Among the shop owners who have influenced and advised Torres are Brian Bates and Randy Pickering, and former shop owner Douglass Kirchdorfer. “Those are the people who went out of their way to help me,” he said, adding that Bates, in particular, helped him change his viewpoint and put him on the right path.
Along with 41 other shop owners, Torres said he also participates in a NAPA Business Development Group for select NAPA AutoCare Center owners. “They are also a big part of my success,” he said.
Torres said Mudlick Mail helped him learn the value of direct-mail marketing, “and understand that consistent marketing will drive revenue. You can’t give up after one to three tries.” Torres said he sends the same households a direct-mail piece each month, with coupon offers and occasionally $25 gift cards. He also advertises in local publications and pays attention to his SEO online.
Success takes hold
“My job is to get the cars in the door and keep the lights on,” Torres said, not work at the service counter or in the bays. “Quality employees are the key to making my business successful.”
As Torres began to implement the practices he learned through training and networking, he said he slowly began to reduce his presence in the daily operations at Dakota Ridge — and, to his surprise, profitability steadily increased.
That’s when he began thinking about opening another shop, he said. But before doing so, he said, his business partners wanted proof that the shop could run without him if he was going to leave to open another location.
“I stopped coming to work as much and it kept running itself, with higher and higher profits,” he said. “I later realized I actually worked myself out of a job.”
Torres said he ultimately came to the conclusion that working at Dakota Ridge, after seven years, was no longer a challenge. He then told his partners he felt bored, and that owning multiple shops at that time was also probably not for him. So when his partners last year told him they wanted to buy out his share of the business, he accepted.
Acquiring Mountain View
Proceeds in hand, Torres said he set about looking for a repair shop to own and operate, and soon learned that one of his mentees, Sean Forest, was interested in selling his shop, Mountain View Garage in Thornton. In a cash transaction, he bought the business from Forest last August, renaming it Mountain View Automotive.
Shortly after purchasing the business, Torres said he was notified that the 10,800-square-foot building that houses the shop was purchased by a new commercial real estate investor and his rent was going up.

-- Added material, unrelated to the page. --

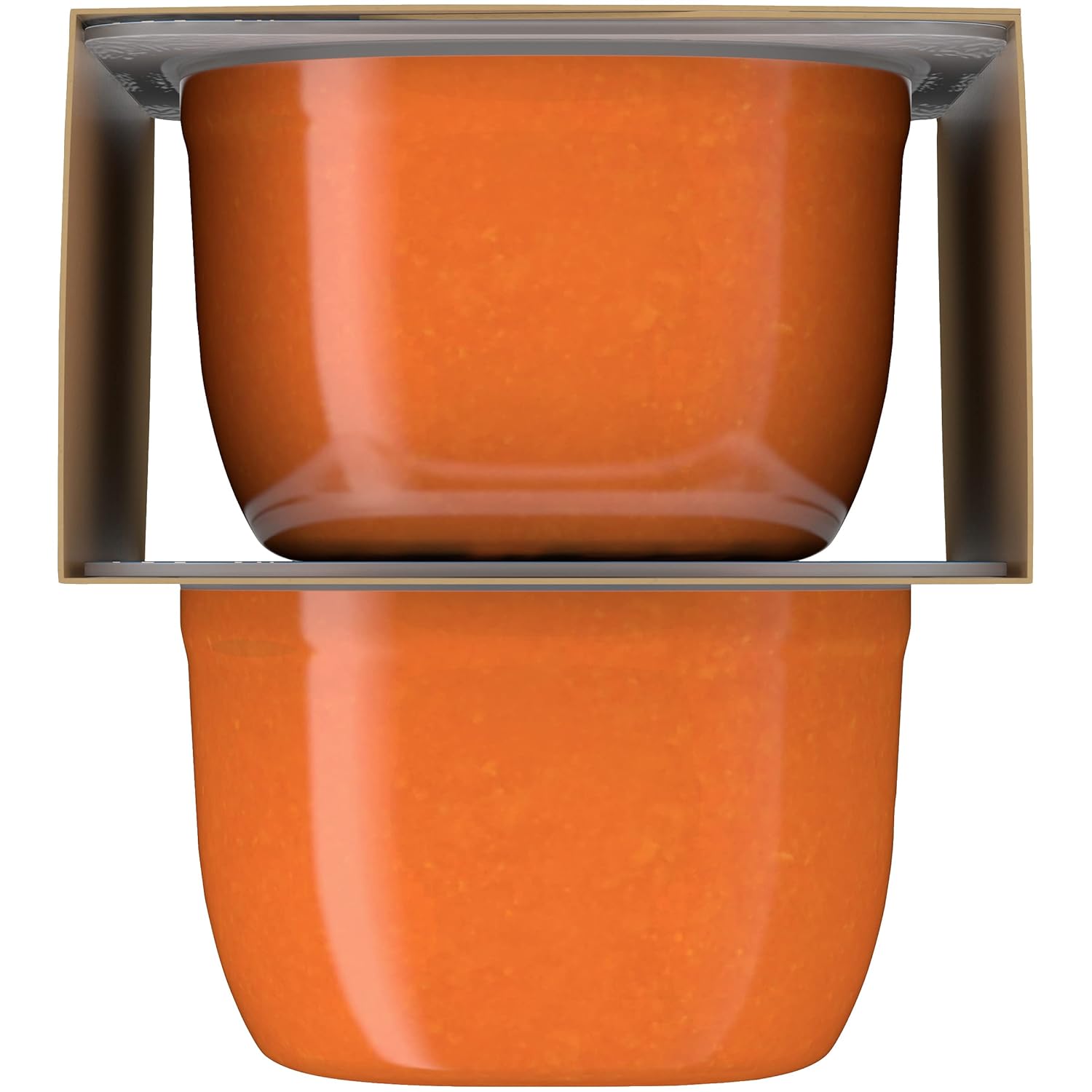 Gerber Natural For Baby 1St Foods Baby Food Tubs (Sweet Potato)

However, this turned out better than Torres expected, since the new landlord offered him substantial funds for building upgrades and an option to buy it in just a few years.

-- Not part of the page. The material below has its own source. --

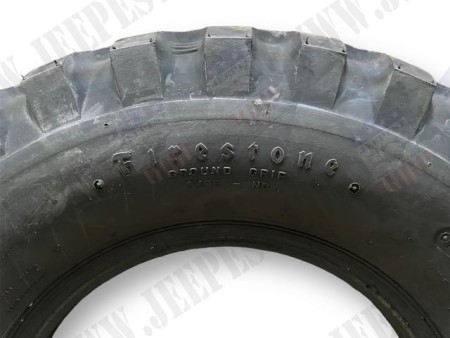 PNEUMATIQUE MILITARY 750X16 "FIRESTONE" NET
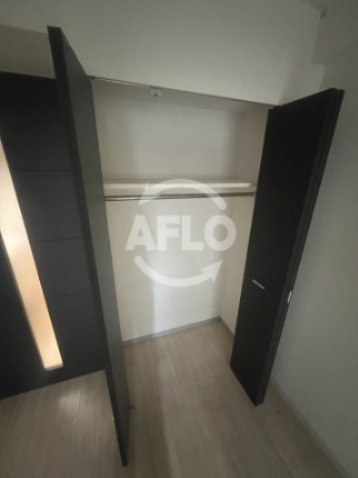 収納　LAV心斎橋WEST　収納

Among the immediate improvements Torres made were the installation of central heating and cooling, interior and exterior painting, necessary roof and structural fixes and new signage.
Addressing tools and equipment
“I know what it takes in terms of tools, organization and equipment to be a productive technician,” he said, adding that he turned to NAPA Tool & Equipment representative Jason Prim.

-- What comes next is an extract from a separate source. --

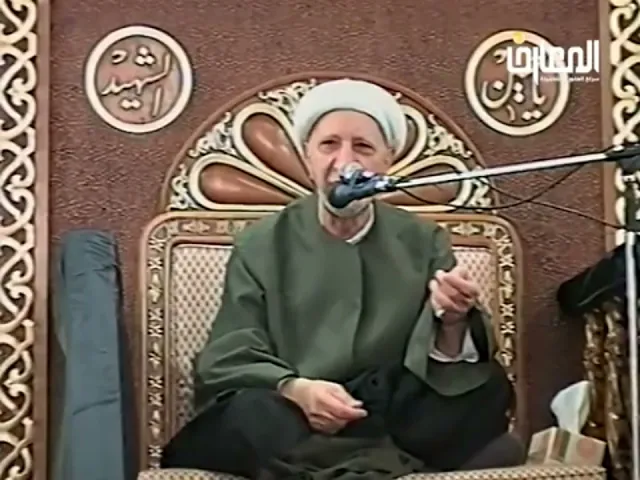 ⁣خصائص المسلم وعلاماته - الشيخ أحمد الوائلي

Since tire sales are part of his business plan, and were non-existent at Mountain View, he purchased a Hofmann Monty 1620 rim-clamp tire changer and a Hofmann Geodyna 3900S wheel balancer from NAPA. He also bought a tire spreader for patch repairs, a tire dunker to locate leaks, and other tire tools. A new NAPA-branded 7.5 HP piston air compressor supplies the shop with air, he said.
After a safety walk-through with his garage insurance provider, Torres said he went to work addressing potentially hazardous working conditions and OSHA non-compliance items.
All the lifts were inspected and serviced by Beck’s Automotive Lift Service, he said. After the assessment, a lift had to be removed and a pair of new two-post 10,000-lb. Rotary lifts were purchased from NAPA and installed by Beck, he said.
Other notable upgrades included installing a technician work station with a computer, printer and an oil-change-label printer; extending the overhead exhaust system; and adding ample bottled and bulk fluids, filters, belts and hoses, and shop supplies.